To study the effects of mastectomy and autologous breast reconstruction on the
sensation of the (reconstructed) breast, not only the peripheral reinnervation
of the breast should be studied, but also the changes that take place in the
somatosensory cortex. The sensation of the reconstructed breast has been
studied previously, but the neuroplasticity of the brain, or the ability of the
brain to change after - in this case - breast surgery, remains unknown.
Recently, a pilot study with healthy subjects has been conducted to localize
the sensation of the breast on the somatosensory cortex using 7 Tesla
functional MRI imaging. Now that the region of interest in the brain and the
somatotopy of the non-operated breast are known, studies with patients who
underwent mastectomy and breast reconstruction are the next step to understand
the neuroplasticity of the brain following breast surgery.

To study the neuroplasticity of the brain after mastectomy and breast
reconstructive surgery by assessing the somatotopy of the breast on the
somatosensory cortex of patients who underwent either breast reconstruction
with and without nerve restoration or mastectomy without breast reconstruction.
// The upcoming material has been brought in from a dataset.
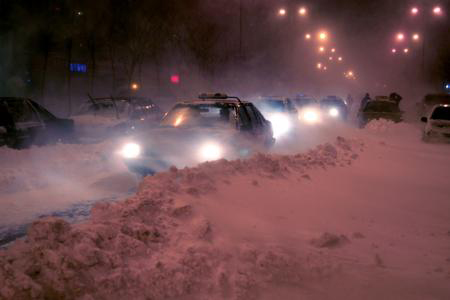 暴风雪突袭东北华北辽宁高速公路基本瘫痪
A single center imaging study carried out in MUMC+. Every subject will undergo
a single functional MRI scan in the 7 Tesla MRI scan of Scannexus at least six
months after the operation. A scanning session takes approximately 75 minutes.
During the scan, piezo-electric stimulators are applied to both the
reconstructed and non-operated breast in a fixed pattern. These stimulators
stimulate the skin and sensory nerves of the breast and nipple-areola complex
in a random sequence.

All subjects are recruited by their treating physicians at the outpatient
clinic of plastic surgery and surgical oncology or by means of a recruitment
letter on behalf of the treating physician. Patients are informed about the
study and the procedures, and the subject information and consent form are
handed out. If patients are willing to participate, an appointment is made with
the researcher to sign the consent form, fill out the CRF and schedule the MRI
scan. On a later moment every subject will undergo a single functional MRI scan
taking 75 minutes. There are no follow-up moments. Subjects do not have any
direct benefits in participating in the study. In the rare case an anomaly is
identified on any of the fMRI images, this will be discussed with the subject
and this information is shared with the general practitioner. Subjects who are
willing to participate in the study, accept the fact that stimulators are
applied on a bare breast to stimulate the skin and nipple-areola complex. The
burden associated with participation in this study, involves the usual MRI side
effects (e.g. anxious or claustrophobic feelings) and a possible adverse skin
reaction to adhesives upon applying the stimulators. No radiation is involved.